What is needed:
Return each line of the records with nothing changed, pictures excepted.
BEGIN Excerpted records
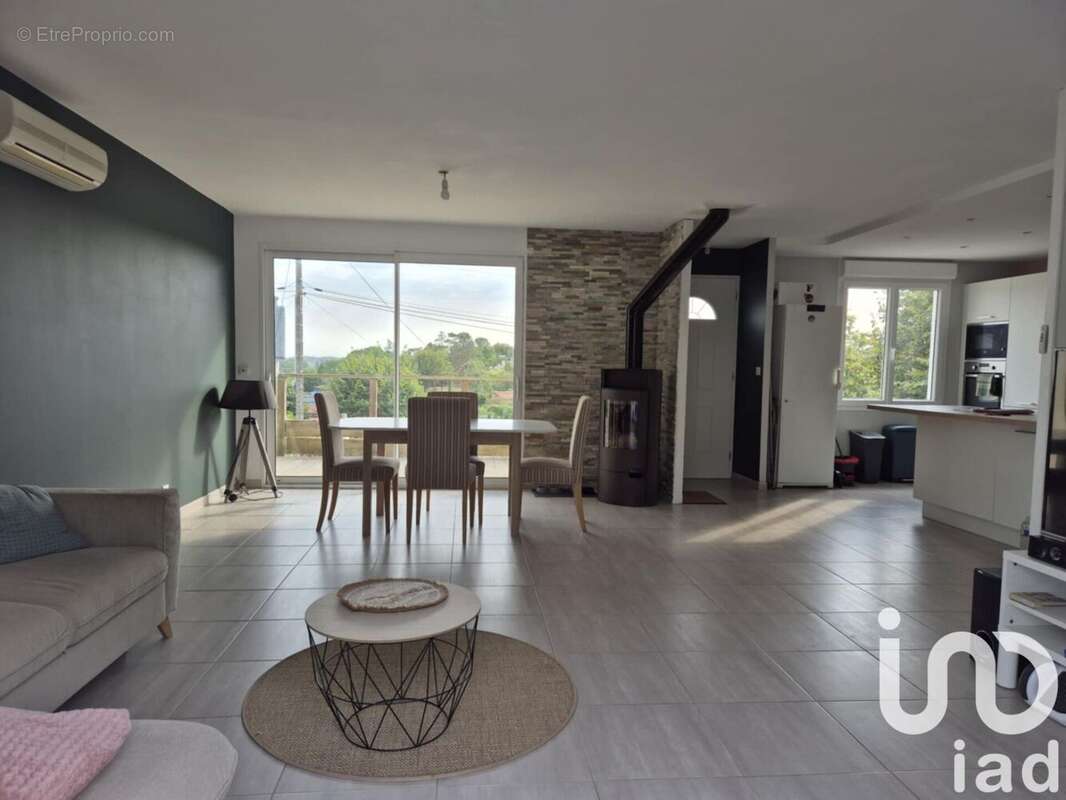 Photo 2 - Maison à ITEUIL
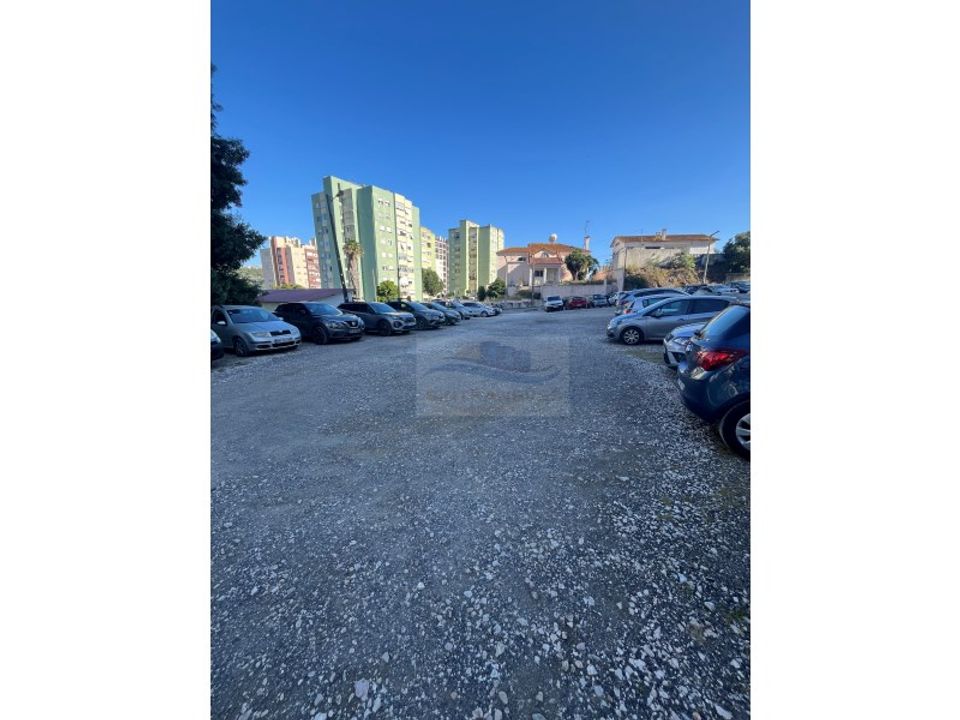 Erhvervsejendom i Loures, Lisbon - foto 1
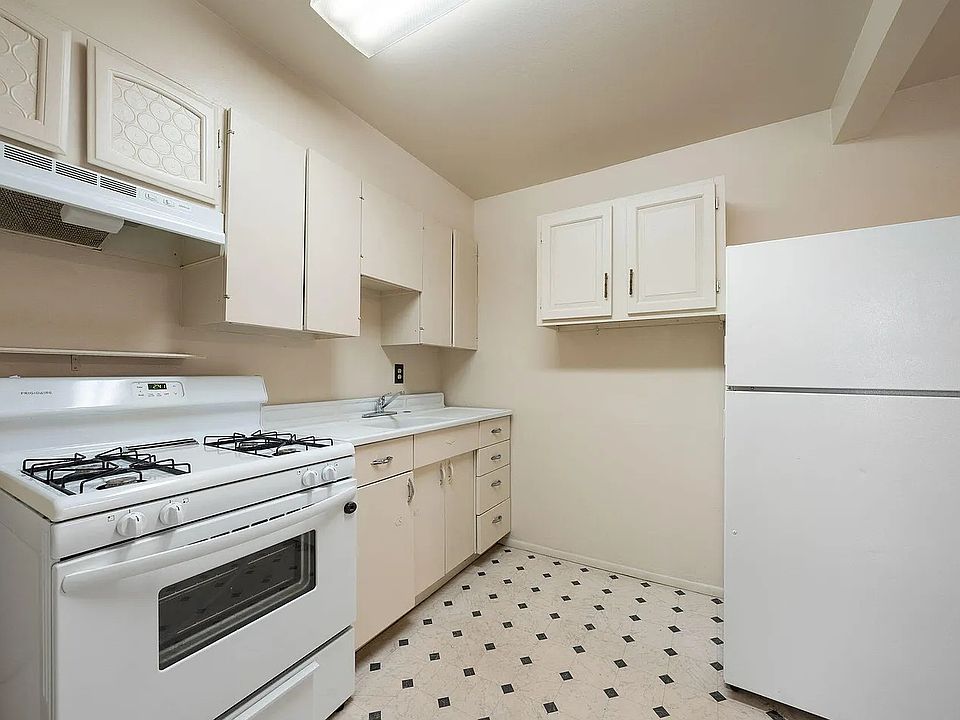 1st image of 415 Field St APT B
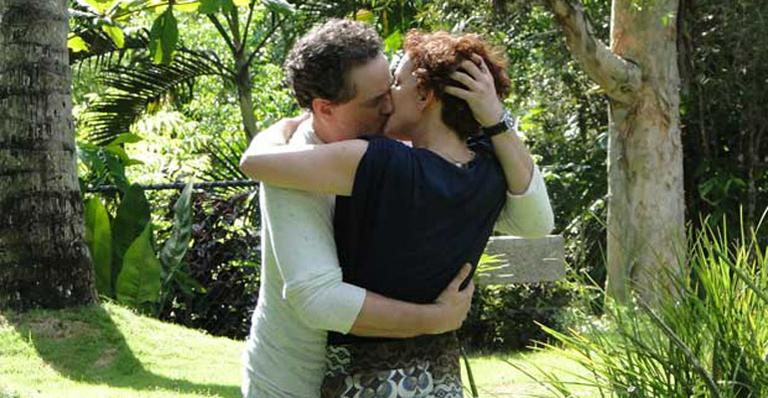Esther e Paulo se beijam durante recaída em ‘Fina Estampa’
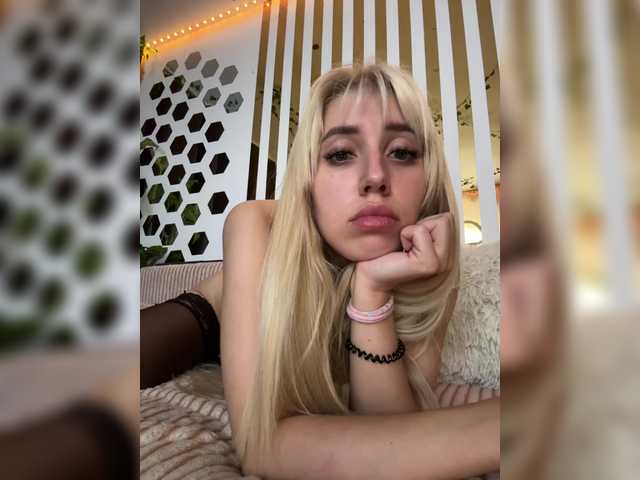 MiaLiaHot live cam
END Excerpted records
Exercise response:
 Photo 2 - Maison à ITEUIL
 Erhvervsejendom i Loures, Lisbon - foto 1
 1st image of 415 Field St APT B
Esther e Paulo se beijam durante recaída em ‘Fina Estampa’
 MiaLiaHot live cam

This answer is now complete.